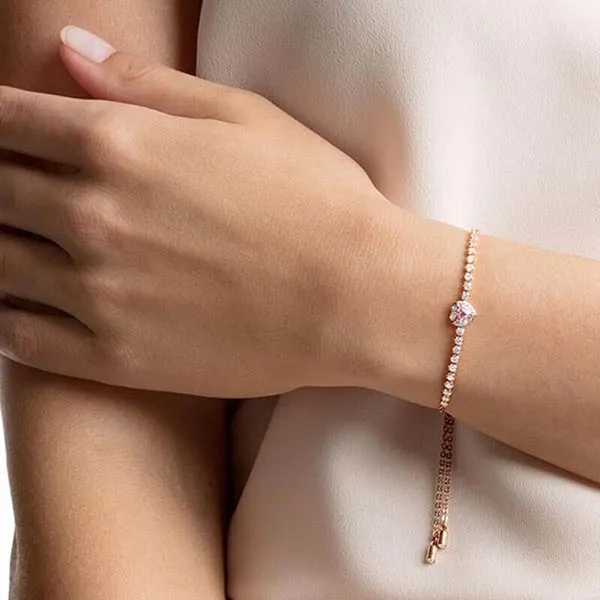 Vòng Đeo Tay Swarovski One Bracelet 5646745 Rose Gold Bracelet & Bangle Màu Vàng Hồng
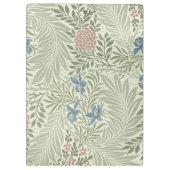 William Morris Larkspur Floral Wallpaper Klemmbrett (Rückseite)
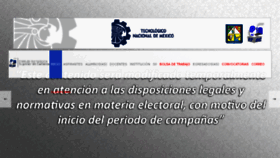 What Teccan.edu.mx website looked like in 2018 (6 years ago)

:::::

The task ▸ Once the pictures have been removed, reproduce each line of the material above exactly.

Exercise result ▸
 Vòng Đeo Tay Swarovski One Bracelet 5646745 Rose Gold Bracelet & Bangle Màu Vàng Hồng
 William Morris Larkspur Floral Wallpaper Klemmbrett (Rückseite)
 What Teccan.edu.mx website looked like in 2018 (6 years ago)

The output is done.